Aussi, le point de départ du délai de prescription de l’action en annulation du contrat conclu hors établissement, fondée sur la méconnaissance par le professionnel de son obligation de faire figurer sur le contrat, à peine de nullité, les informations mentionnées à l’article L. 221-5 susvisé, se situe au jour où le consommateur a connu ou aurait dû connaître les défauts d’information affectant la validité du contrat.
Par ailleurs, en application de l’article 1315 alinéa 2 du code civil (devenu 1353 alinéa 2), la charge de la preuve du point de départ d’un délai de prescription incombe à celui qui invoque cette fin de non-recevoir.
En l’espèce, les conditions générales de vente mentionnent au paragraphe intitulé ' informations contractuelles-acceptation du client ' que ' le client reconnaît avoir eu communication préalablement à la passation de sa commande, d’une manière lisible et compréhensible, des présentes conditions générales de vente et de toutes les informations et renseignements visés aux articles L. 111-1 à L. 111-7 du code de la consommation, ainsi que ceux visés au 1 de l’article L. 121-17 du même code et en particulier :
— les caractéristiques essentielles du produit (…),
— le prix de produits et les frais annexes (…),
— la date ou le délai auquel le vendeur s’engage à livrer le produit (…),
— les informations relatives à l’identité du vendeur, à ses coordonnées postales, téléphoniques et électroniques (…). '
Or, la reproduction sur le contrat, même lisible, des dispositions du code de la consommation prescrivant le formalisme applicable à un contrat conclu hors établissement ne permet pas au consommateur d’avoir une connaissance effective du vice résultant de l’inobservation de ces dispositions, en l’absence de circonstances permettant de justifier d’une telle connaissance.

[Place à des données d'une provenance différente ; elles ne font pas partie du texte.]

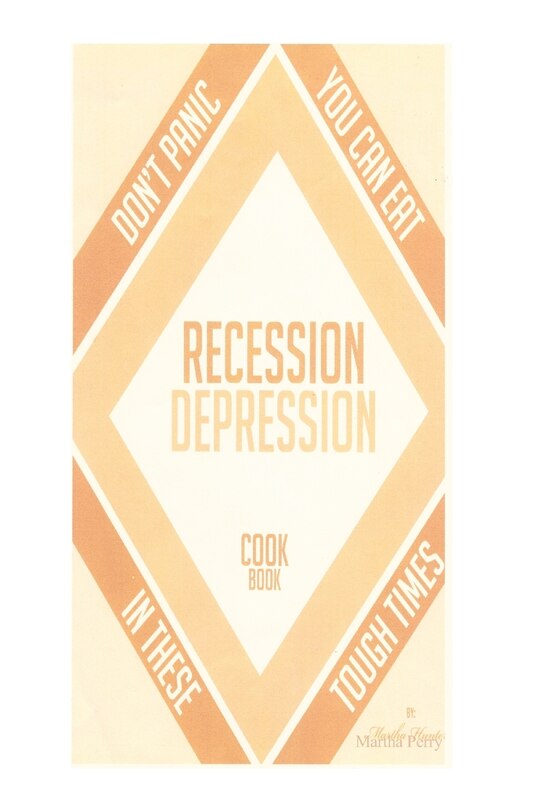 Front cover_Recession-depression Cookbook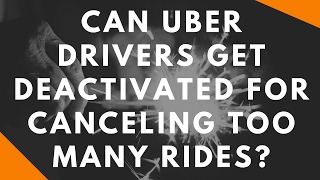 Can Uber drivers get deactivated for canceling too many rides [upl. by Keefer369]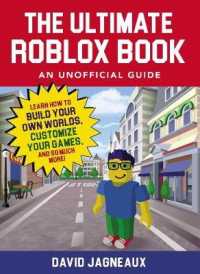 Ultimate Roblox Book: an Unofficial Guide : Learn How to Build Your Own Worlds, Customize Your Games, and So Much More! (Unofficial Roblox) -- Paperba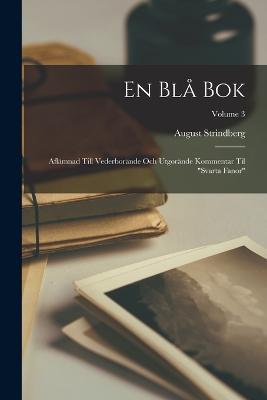 En Bla Bok: Aflamnad Till Vederborande Och Utgorande Kommentar Til Svarta Fanor; Volume 3 - August Strindberg - cover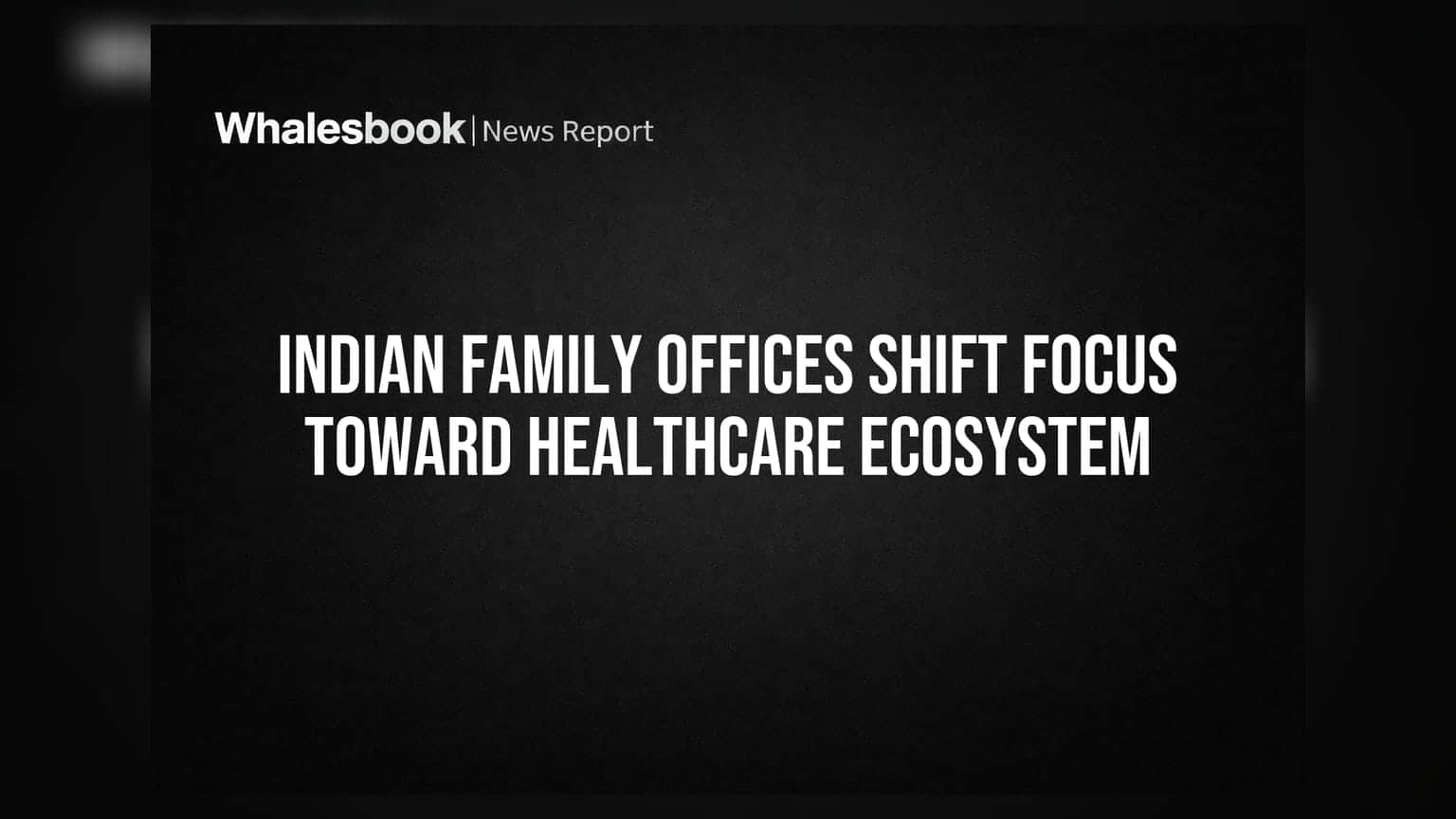 Indian Family Offices Shift Focus Toward Healthcare Ecosystem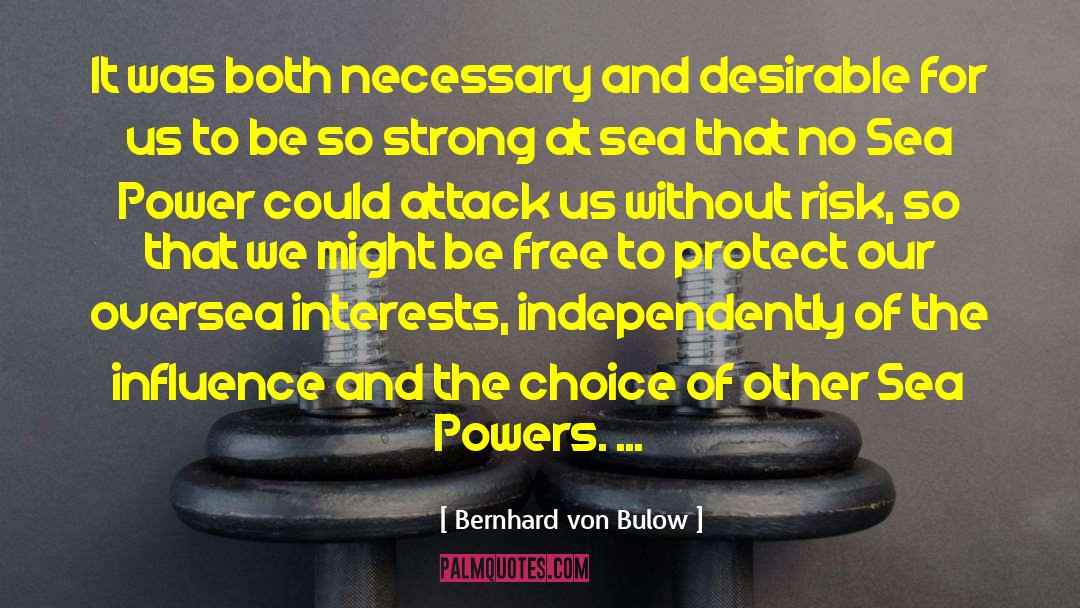 Super Powers quotes by Bernhard Von Bulow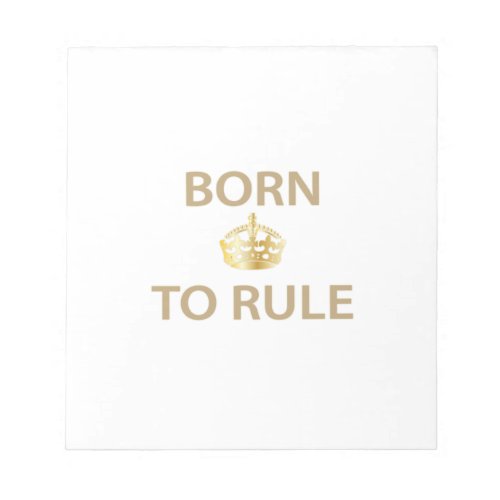 Born To Rule with golden crown Notepad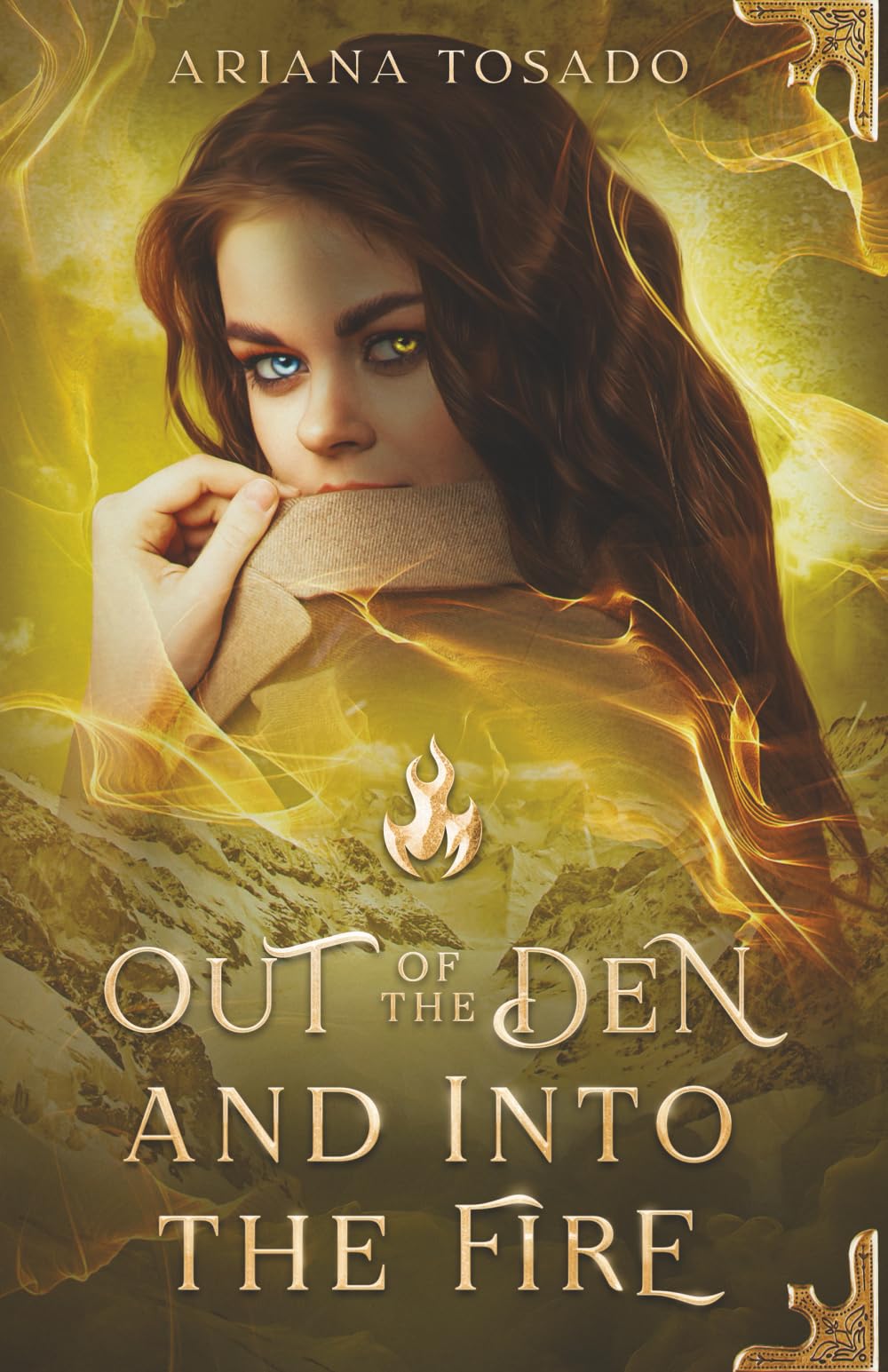 Out of the Den and Into the Fire Fiction
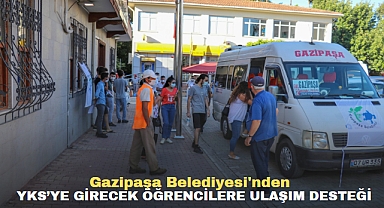 GAZİPAŞA BELEDİYESİ'NDEN YKS'YE GİRECEK ÖĞRENCİLERE ULAŞIM DESTEĞİ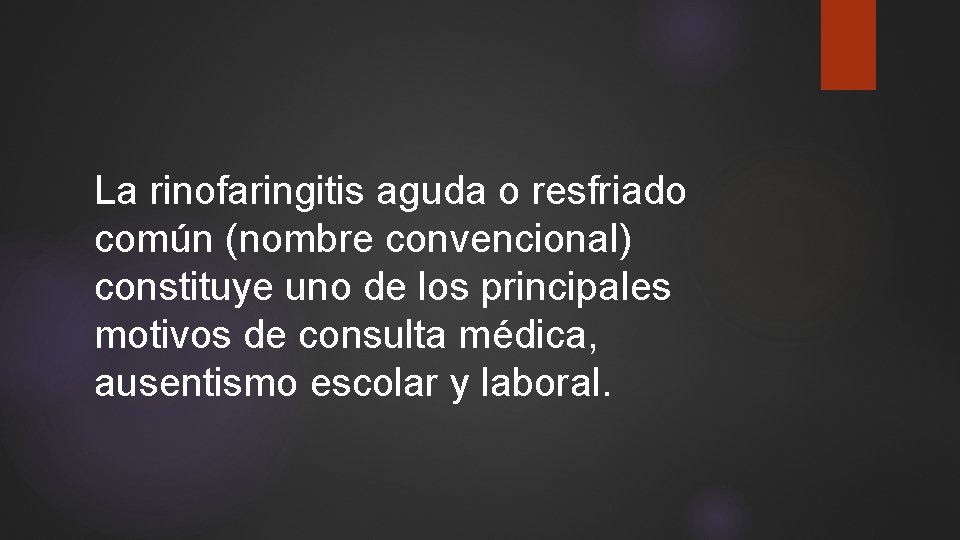 La rinofaringitis aguda o resfriado común (nombre convencional) constituye uno de los principales motivos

En effet, il ne peut être utilement soutenu par la BNP PPF que la lecture de la convention permettait à M. [X] [H] d’avoir une connaissance effective des vices allégués résultant de l’inobservation des dispositions afférentes au formalisme applicable à ce type de contrat.
En outre, la BNP PPF ne fait état d’aucune circonstance permettant de justifier d’une connaissance effective à la date de signature du contrat par M. [X] [H] des vices qu’il allègue.
Aussi, la BNP PPF ne peut se prévaloir de la prescription de l’action en nullité du contrat de vente engagée par M. [X] [H] le 26 mai 2023.
Dans ces conditions, l’action en nullité du contrat de vente sera déclarée recevable.
Dès lors, le jugement déféré sera infirmé sur ce point.
Sur l’annulation du contrat de vente
M. [X] [H] fait valoir que le bon de commande comporte des irrégularités en ce qu’il omet de mentionner la désignation précise des caractéristiques des biens ou services (marque des panneaux, nombre et puissance unitaire), ainsi que le nom et l’adresse du fournisseur, le prix détaillé des prestations (prix unitaire des éléments et leur nombre), les modalités de financement et le recours à un financement extérieur, de même que le délai et les modalités de livraison des biens et des prestations de services (comprenant le raccordement au réseau).
L’article L. 221-9 du code de la consommation, dans version applicable au jour du contrat, dispose que le professionnel fournit au consommateur un exemplaire daté du contrat conclu hors établissement, sur papier signé par les parties ou, avec l’accord du consommateur, sur un autre support durable, confirmant l’engagement exprès des parties. Ce contrat comprend toutes les informations prévues à l’article L. 221-5.
L’article L. 242-1 du code de la consommation énonce que les dispositions de l’article L. 221-9 du code de la consommation sont prévues à peine de nullité du contrat conclu hors établissement.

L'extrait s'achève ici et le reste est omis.